Между холмами опять послышался стук копыт. Скакал целый отряд. Звуки то
сливались в один, протяжный и тяжелый, то распадались на несколько менее
грозных. Раненый, придерживая у горла края разорванной рубахи, подошел к
костру и загнанно посмотрел на перевозчика. Тот недовольно поморщился,
помешал ложкой воду в котелке, снял с огня и одним духом выпил половину.
-- На, подкрепись, -- предложил он раненому, который отрицательно
махнул рукой и молвил тихо:
-- Скоро здесь будут.
Перевозчик ухмыльнулся и в два захода допил воду с медом. Он бережно
встал, стрельнув коленными суставами, снял тулуп и кинул в шалаш.
-- Пойдем, -- позвал он, направившись к воде.
Узкая лодка долбленка, шаткая и неповоротливая, глубоко осела под
тяжестью двух человек, низкие борта всего на ладонь возвышались над водой.
Иногда вода переплескивала через борта и стекала на дно лодки, покрытое
ярко-зелеными водорослями, короткими, мягкими и скользкими.

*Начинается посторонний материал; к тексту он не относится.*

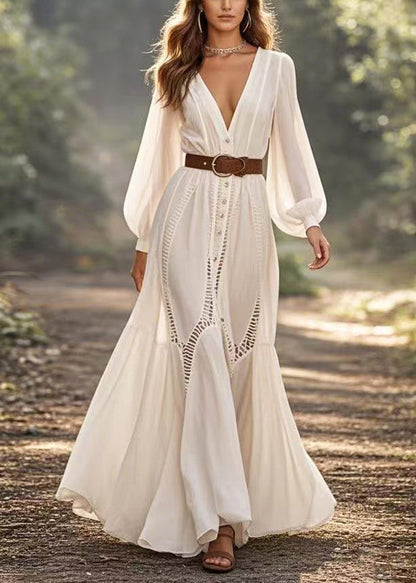 Elegant White Cinched Hollow Out Party Dress Spring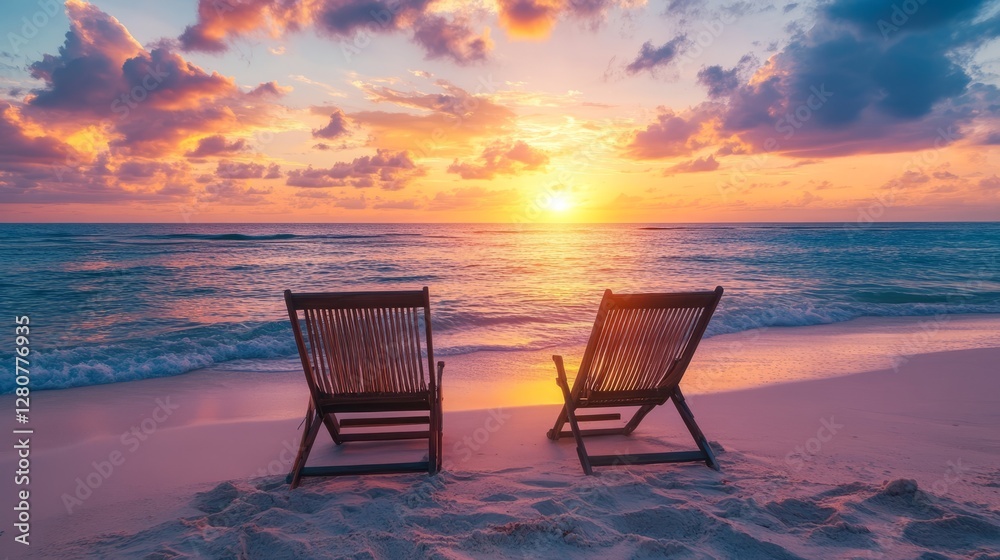 Romantic sunset view from beach chairs overlooking the ocean tranquil vacation mood Romantic sunset view from beach chairs overlooking the ocean tranquil vacation mood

Раненый сидел в
носу лодки, лицом к перевозчику, и, думая о чем-то муторном, черпал воду
деревянным ковшиком, стараясь не содрать водоросли, и выплескивал за борт.
Иногда он замирал и плотнее сжимал губы, сдерживая тошноту, и на левой щеке,
покрытой бурой коркой, начинала дергаться жилка.. Раненый погладил щеку
мокрыми пальцами и розовые капли потекли на шею. Розовыми стали и подушечки
пальцев, раненый пополоскал их за бортом.
-- Теплая, -- тихо произнес он.
-- Умылся бы, -- посоветовал перевозчик, загребая веслом поочередно с
левого и правого борта.
Раненый будто не слышал совета. Скребнул ковшиком по дну лодки,
зачерпнув воду, выплеснул за борт, вновь зачерпнул, а полный тревоги взгляд
был направлен на восточный берег, откуда доносился стук копыт, который
становился все громче. Что можно там увидеть, в таком-то тумане, когда
дальше руки с трудом что-либо разглядишь?!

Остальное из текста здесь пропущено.